В какой-то момент я подумала, что современные герои Постниковой, попавшие в мясорубку доперестроечной, перестроечной и постперестроечной России (а все одинаково – мясорубка), относятся к той вечной, «архетипической» категории, которую Гюстав Флобер обозначил словосочетанием «простая душа». Не знаю, как во Франции, но в России – это какой-то необыкновенно важный, идущий из народных глубин и сейчас уже почти раритетный типаж. В этих «простых душах», особенно в женщинах, сохранилось много детской наивности, искренности, невероятной жажды «любви до гроба» и какой-то поведенческой странности, которая воспринимается окружающими как идиотизм или даже юродство. Вот выскочило правильное древнерусское слово – «юродство». В ряде рассказов герои, словно персонажи древнерусского жития, проходят путь от обыкновенных людей, грешных и слабых, – положим, разгульного и неверного мужа («Тристан и Изольда») или обыкновенной «тетки», собравшейся на старости лет выйти замуж за соседа-пенсионера («Раковинка»), – до почти святых, блаженных, юродивых (как их называли на Руси).

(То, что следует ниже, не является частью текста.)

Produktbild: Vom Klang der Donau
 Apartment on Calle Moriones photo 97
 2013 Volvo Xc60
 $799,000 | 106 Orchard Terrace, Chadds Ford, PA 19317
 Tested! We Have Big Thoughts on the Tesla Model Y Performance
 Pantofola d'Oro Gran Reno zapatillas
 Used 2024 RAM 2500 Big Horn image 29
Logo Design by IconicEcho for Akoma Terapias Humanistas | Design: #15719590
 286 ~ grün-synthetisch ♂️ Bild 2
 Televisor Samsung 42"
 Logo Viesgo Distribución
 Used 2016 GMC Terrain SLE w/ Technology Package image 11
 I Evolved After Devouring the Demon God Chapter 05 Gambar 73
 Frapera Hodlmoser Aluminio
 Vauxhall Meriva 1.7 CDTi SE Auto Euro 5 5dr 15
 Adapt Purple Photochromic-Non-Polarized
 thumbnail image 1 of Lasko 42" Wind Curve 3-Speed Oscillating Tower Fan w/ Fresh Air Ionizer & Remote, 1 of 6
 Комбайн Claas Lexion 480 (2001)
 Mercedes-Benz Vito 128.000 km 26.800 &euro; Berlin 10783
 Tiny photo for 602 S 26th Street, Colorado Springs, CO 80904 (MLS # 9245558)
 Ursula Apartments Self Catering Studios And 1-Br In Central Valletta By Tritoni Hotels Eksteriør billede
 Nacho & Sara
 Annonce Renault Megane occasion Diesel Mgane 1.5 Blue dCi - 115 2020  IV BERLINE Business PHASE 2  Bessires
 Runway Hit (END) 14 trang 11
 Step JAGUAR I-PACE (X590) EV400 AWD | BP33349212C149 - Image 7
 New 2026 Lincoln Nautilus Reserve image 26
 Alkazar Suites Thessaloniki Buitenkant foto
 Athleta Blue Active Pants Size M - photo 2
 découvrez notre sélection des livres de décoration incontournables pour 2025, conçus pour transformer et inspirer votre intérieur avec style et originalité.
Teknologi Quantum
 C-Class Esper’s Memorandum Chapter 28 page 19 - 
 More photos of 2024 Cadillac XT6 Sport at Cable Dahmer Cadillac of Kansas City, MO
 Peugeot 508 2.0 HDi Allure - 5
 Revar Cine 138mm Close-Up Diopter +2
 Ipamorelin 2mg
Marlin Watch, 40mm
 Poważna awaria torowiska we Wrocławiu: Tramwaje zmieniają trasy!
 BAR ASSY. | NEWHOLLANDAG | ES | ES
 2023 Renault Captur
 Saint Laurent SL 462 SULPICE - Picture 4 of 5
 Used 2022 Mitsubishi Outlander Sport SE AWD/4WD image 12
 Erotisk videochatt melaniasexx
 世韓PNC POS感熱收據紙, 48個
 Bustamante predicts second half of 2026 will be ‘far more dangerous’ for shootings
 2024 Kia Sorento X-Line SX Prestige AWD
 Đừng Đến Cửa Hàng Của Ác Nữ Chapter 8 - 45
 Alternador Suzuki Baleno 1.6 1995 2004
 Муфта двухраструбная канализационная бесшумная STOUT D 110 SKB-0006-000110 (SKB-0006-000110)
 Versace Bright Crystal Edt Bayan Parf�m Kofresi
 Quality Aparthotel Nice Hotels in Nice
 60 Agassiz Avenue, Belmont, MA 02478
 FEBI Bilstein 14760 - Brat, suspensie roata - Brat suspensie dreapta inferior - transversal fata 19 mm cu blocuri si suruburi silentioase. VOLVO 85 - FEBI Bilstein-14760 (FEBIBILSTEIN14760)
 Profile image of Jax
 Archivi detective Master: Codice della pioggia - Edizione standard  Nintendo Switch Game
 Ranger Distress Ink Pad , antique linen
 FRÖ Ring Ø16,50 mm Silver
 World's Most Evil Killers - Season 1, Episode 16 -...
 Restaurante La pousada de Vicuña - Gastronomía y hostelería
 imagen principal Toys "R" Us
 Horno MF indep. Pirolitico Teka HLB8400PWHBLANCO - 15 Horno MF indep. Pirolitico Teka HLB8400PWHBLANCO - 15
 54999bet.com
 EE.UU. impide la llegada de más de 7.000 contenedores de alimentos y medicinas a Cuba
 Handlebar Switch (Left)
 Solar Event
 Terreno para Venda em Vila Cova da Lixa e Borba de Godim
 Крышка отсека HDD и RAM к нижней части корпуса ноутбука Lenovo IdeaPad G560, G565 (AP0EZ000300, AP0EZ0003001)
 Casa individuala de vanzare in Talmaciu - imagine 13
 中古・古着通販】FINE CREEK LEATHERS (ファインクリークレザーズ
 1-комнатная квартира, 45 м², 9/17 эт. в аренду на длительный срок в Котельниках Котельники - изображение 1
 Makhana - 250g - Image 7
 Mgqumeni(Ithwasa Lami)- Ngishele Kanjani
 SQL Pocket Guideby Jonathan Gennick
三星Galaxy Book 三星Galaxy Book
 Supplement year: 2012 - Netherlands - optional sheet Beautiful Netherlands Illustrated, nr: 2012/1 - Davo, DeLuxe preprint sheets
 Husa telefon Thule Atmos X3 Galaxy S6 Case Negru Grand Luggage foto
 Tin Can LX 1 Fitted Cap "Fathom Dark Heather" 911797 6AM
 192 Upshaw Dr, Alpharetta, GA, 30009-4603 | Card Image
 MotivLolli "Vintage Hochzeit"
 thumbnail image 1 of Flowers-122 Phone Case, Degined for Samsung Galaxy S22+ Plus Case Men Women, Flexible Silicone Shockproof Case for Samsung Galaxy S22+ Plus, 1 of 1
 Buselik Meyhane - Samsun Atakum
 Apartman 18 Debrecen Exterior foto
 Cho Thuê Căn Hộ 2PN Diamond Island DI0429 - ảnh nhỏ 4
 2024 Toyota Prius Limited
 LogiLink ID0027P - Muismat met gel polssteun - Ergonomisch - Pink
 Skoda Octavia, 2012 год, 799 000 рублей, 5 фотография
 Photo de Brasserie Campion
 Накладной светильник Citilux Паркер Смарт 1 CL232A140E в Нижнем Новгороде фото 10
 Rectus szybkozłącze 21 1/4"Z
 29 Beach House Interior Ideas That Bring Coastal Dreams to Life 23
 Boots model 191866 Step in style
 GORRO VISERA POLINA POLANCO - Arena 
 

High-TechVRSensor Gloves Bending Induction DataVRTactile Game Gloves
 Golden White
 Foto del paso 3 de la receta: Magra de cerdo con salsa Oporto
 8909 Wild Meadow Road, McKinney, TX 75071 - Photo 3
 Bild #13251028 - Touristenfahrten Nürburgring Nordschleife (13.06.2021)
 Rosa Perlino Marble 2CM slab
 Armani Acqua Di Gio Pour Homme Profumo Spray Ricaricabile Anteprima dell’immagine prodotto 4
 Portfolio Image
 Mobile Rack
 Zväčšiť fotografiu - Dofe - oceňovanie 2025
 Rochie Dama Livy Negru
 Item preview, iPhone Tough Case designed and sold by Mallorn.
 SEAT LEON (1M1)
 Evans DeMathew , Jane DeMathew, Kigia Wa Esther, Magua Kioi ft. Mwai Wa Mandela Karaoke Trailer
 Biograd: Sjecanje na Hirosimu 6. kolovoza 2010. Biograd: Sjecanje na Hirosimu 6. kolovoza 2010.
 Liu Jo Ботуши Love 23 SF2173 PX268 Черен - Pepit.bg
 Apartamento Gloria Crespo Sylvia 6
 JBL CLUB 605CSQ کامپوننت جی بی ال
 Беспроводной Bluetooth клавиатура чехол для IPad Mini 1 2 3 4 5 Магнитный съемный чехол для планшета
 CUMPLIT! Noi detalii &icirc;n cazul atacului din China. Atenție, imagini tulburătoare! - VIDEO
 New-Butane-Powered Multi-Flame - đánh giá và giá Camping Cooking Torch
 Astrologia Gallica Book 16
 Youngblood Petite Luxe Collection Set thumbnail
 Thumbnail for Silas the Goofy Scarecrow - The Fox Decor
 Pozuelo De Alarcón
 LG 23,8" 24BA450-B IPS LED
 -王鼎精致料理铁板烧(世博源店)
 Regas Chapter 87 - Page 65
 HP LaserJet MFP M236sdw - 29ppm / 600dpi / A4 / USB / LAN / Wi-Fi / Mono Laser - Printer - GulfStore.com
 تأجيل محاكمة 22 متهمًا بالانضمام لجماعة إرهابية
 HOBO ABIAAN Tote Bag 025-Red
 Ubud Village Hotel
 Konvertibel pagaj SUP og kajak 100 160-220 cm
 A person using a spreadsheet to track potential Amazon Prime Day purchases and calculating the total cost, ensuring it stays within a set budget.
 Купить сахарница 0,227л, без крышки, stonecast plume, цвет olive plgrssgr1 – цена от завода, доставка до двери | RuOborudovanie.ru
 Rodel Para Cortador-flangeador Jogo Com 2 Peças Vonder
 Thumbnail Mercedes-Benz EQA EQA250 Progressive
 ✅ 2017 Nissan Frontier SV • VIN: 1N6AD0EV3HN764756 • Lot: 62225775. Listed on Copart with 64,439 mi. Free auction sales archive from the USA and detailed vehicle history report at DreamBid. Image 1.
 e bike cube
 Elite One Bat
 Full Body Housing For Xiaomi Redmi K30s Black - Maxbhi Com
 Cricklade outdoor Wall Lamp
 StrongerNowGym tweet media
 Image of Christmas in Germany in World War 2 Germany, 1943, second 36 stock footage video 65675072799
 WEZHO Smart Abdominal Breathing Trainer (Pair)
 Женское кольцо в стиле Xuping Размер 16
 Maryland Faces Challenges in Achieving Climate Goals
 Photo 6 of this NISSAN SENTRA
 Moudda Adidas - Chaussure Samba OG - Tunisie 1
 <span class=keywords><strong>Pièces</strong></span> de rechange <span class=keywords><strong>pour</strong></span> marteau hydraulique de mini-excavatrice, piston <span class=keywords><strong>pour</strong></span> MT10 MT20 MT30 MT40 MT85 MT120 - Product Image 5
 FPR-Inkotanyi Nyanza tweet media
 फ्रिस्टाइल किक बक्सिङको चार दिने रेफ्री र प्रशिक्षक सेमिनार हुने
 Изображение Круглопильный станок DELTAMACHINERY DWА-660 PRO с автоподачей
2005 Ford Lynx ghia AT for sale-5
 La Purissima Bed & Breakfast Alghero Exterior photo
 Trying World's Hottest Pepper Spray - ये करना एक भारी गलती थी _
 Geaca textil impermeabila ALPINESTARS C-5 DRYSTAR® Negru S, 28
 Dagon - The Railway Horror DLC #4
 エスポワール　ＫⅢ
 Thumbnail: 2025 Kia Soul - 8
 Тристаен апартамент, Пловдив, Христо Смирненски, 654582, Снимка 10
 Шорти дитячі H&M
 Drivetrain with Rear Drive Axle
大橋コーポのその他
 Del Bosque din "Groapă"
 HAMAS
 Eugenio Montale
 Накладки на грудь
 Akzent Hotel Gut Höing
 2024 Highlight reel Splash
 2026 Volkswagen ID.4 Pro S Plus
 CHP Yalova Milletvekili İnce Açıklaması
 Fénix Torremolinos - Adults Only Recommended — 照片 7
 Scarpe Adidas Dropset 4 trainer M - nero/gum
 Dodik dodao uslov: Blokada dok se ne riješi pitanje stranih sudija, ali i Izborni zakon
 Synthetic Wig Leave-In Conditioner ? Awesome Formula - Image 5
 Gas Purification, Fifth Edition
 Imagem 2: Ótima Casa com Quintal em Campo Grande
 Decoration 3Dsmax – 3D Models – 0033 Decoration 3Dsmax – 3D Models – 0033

Герой первого рассказа, молодой технарь, первоначально «блудный муж», чтобы добыть денег на лекарства умирающей жене, готов просить милостыню по вагонам электрички. А героиня «Раковинки», еще в юности расставшаяся с мужем, вместо того чтобы благополучно «устроить свою судьбу», каждый день подстерегает его, впавшего в глубокую депрессию, у ворот монастыря, где он работает инженером, чтобы бесконечно просить у него прощения. Причем он ее даже не узнает или делает вид, что не узнает. Героиня берет на себя всю вину за погибшую любовь, хотя, конечно же, виновата не только она. Дурочка, блаженная!
Интересно, что в тех двух рассказах, где нескладная, «юродивая» судьба героинь–«простых душ», вдруг выруливает на «правильные рельсы»: одна переезжает в Израиль и перестает писать стихи («Сафо, Сафо»), а другая, вместо грязной, опасной для здоровья и почти мужской работы по реконструкции старинного здания, обретает наконец семью и детей («Каменные тетки») – эта перемена в обоих случаях воспринимается как некое падение в «обыденность», утрата невероятных прежних чудес. Недаром о произошедшей «перемене участи» говорится в двух словах. Она не интересна. А что же чудесного в той, тяжелой, безденежной, «юродивой» жизни, которую ведут неприкаянные герои? Прежде всего это, конечно, чудеса любви. Той самой библейской любви, которая сдвигает горы. О ней написана первая повесть «Роман на два голоса», как бы задающая некий «предельный» тон всем прочим рассказам, где в основе все те же чудеса. Замечу, что сильно звучащая в прозе автора суровая и аскетическая, «житийная» нота, о которой я уже упоминала, в трактовке любви обретает какие-то «еретические» для древнерусской традиции, безумные и «вакхические», чувственные обертоны. Любовь для автора не знает деления на тело и душу, она едина и безгранична. Поэтому даже духи в ореоле любви обретают телесность.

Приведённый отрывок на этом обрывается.